The report details how consumers consume content on each screen, as well as simultaneously across screens. In the United States, the agency found 41% of use is simultaneous while 59% is on one device at a time.
Simultaneous use helps explain why, while users spend on average five hours per day consuming media on screens, they consume more than seven hours of screen-based media daily, according to the report.
Presenting an added challenge to advertisers across screens is the report’s findings that 45% of simultaneous use has audiences looking at related content (meshing) while 55% of use is viewing unrelated content (stacking).

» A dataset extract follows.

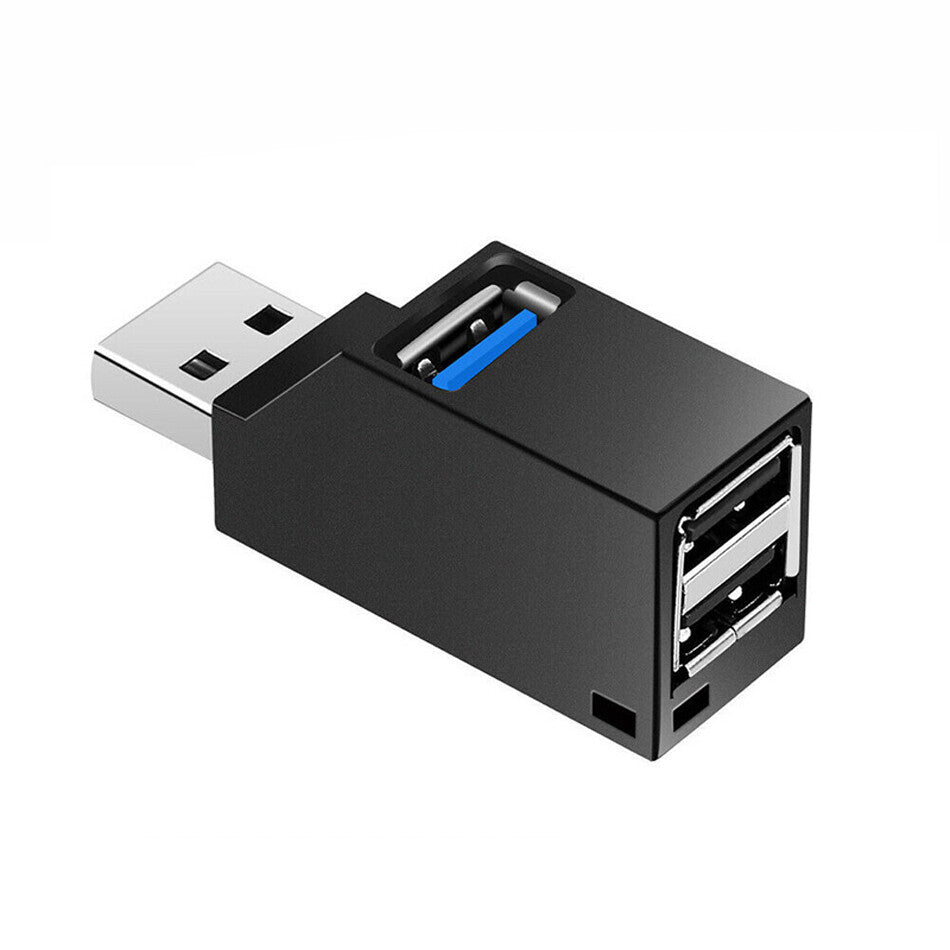 USB 3.0 4 Port Hub Splitter For PC Mac MacBook Notebook Laptop Desktop LOT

Meshing may be looking up a batter’s statistics on a smartphone while watching baseball on TV; stacking could be shopping online while watching the nightly news.
Television remains king in receptiveness, with 33% favorability among viewers and nearly identical daily usage to mobile (147 minutes to 151 minutes, respectively). Favorability to ads on mobile lagged behind at 17% in the U.S. and 23% globally — unchanged since the agency’s 2012 AdReaction report.
Joline McGoldrick, director of research at Millward Brown, said the numbers mean advertisers need to leverage the effectiveness of TV for mobile campaigns.
“Audiences are much more likely to want to interact with content than brands,” she said, citing Pepsi’s “Get Hyped for Halftime” campaign leading up to the Super Bowl. The mobile ads led users to branded pregame content in the lead up to the Pepsi-sponsored halftime show.
Outside North America and Europe, mobile usage and receptiveness to ads tended to be much higher. In India, for example, the TV/mobile usage split was 96 minutes to 162 minutes, with favorability to mobile ads at 27%.
McGoldtrick said the higher favorability for mobile outside the United States and Europe can be explained by fewer screen choices and higher usage. “They’re using [smartphones] for everything. … It’s their primary communication, their primary entertainment,” she said. “Because they’re more reliant on it, they’re also more tolerant to what comes across the screen.”
In the United States, she added, “we have multiple choices of screens we can interact with daily, so our tolerance [to mobile ads] is also lower because of that.”